Lo fantástico, en cuanto vehículo de lo que pudiera suponer un conjunto dañino de supersticiones y creencias heterodoxas, en cualquier caso competidor de la “verdadera” condición de lo sobrenatural, era perseguido no sólo directamente, sino creando una referencia suya como de algo pueril e intelectualmente despreciable. Tal postura siempre fue firme por parte de la Iglesia Católica si consideramos que el “Index Librorum Prohibitorum et expurgatorum”, entre 1559 y 1966 prohibió la lectura, sucesivamente, de todo Rabelais, de los cuentos de La Fontaine, de los ensayos de Montaigne, de “El sueño del juicio final” de Quevedo, de Dante, de varias obras de Descartes, de Montesquieu, de Diderot, de Dumas… “Madame Bovary”, Stendhal, Balzac, Zola, Victor Hugo, Galdós, Anatole France, Gide, Sartre (algunos ipso facto, como Shopenhauer y Nietszche) y que en la edición trigésimo segunda del “Index” (1944) aparecen cuatro mil títulos prohibidos. Si la literatura “canónica” sufría tales restricciones, ¿qué decir de la literatura “fantástica”, tan inoculada de superstición?

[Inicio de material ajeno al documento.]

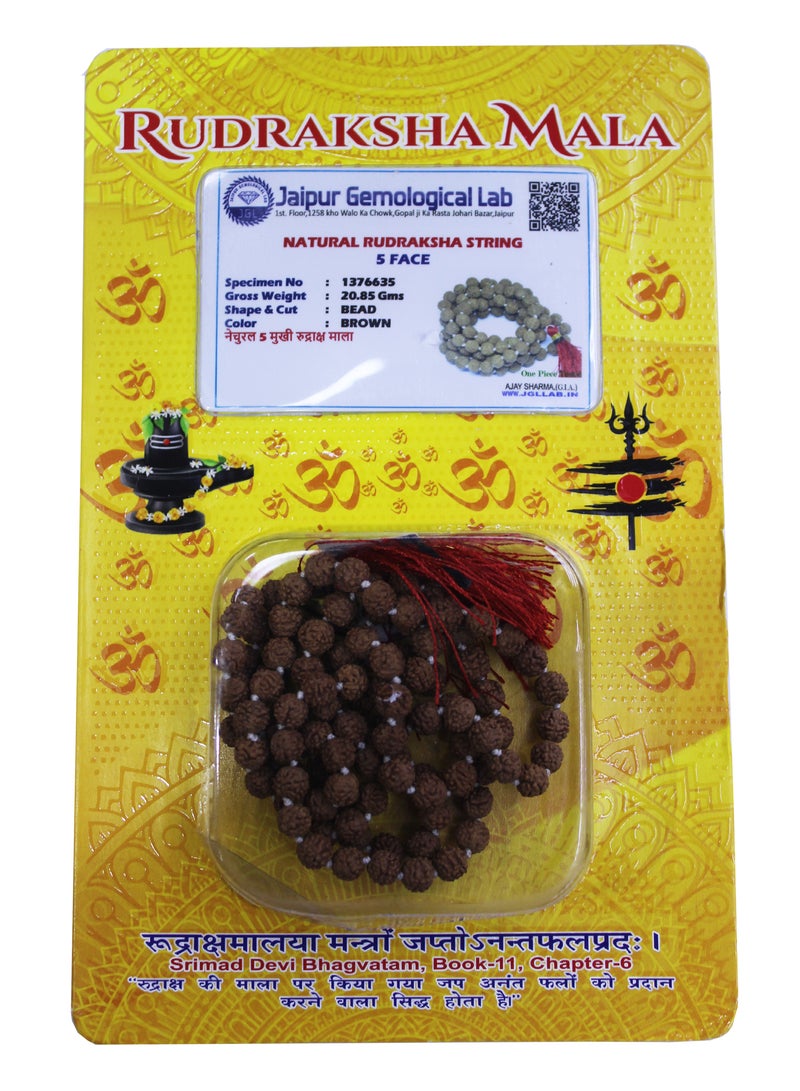 Natural Five Face Rudraksha  Mala With Original Lab Tested Certificate | For Good Luck And Meditation  - Image 1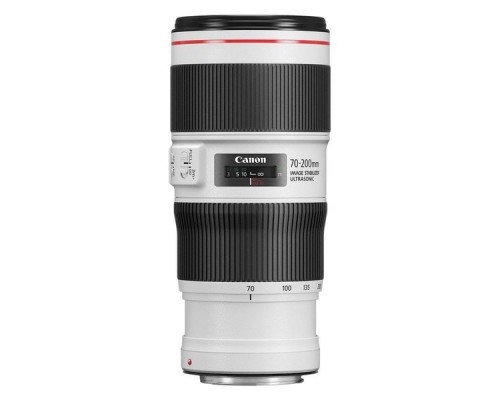 Объектив Canon EF II USM (2309C005) 70-200мм f/4L черный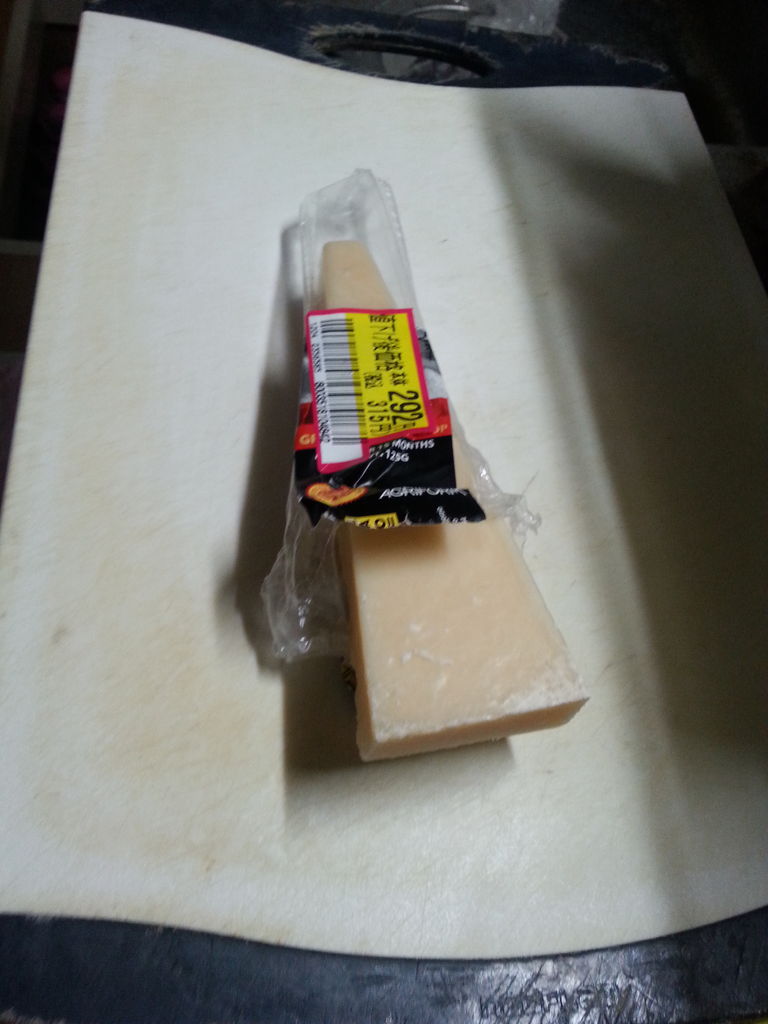 ボクの貧乏飯 その ヤバイ ワイン切らして慌てて買いに行ったら 余計エラい目に遭った時のおはなし 関東b級グルメドライブ ちょに らいでん がメタボで帰還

En España, donde la Iglesia Católica ha tenido y tiene tanta influencia social, no es de extrañar la visión despectiva del mundo académico hacia lo fantástico. Sin embargo, en los propios años del franquismo comienza, por fenómenos no ajenos a cierta incipiente “globalización” literaria y a la expansión del “boom” latinoamericano, la penetración de autores como Kafka, Borges, Cortázar, la llamada Fantasía Científica, Lovecraft… aunque no deja de ser sorprendente que lo fantástico, fuera de los autores bendecidos por lo académico, resultase un factor de disidencia, un elemento contracultural, mostrando otra más de las contradicciones del mundo intelectual del franquismo, pues para muchos críticos y estudiosos la verdadera literatura era la que llevaba consigo “la denuncia social”, o, en el polo opuesto, la que pretendía “destruir el lenguaje”, lo que marginaba una vez más a un limbo inefable a libros como “Industrias y andanzas de Alfanhuí” de Rafael Sánchez Ferlosio y a autores como Álvaro Cunqueiro o Joan Perucho. Sin embargo, se está produciendo una progresiva normalización de lo fantástico, algo que hubiera sido impensable hace veinte años, lo que es una muestra clara de la tendencia a la “normalización” académica y autorial de lo fantástico literario entre nosotros.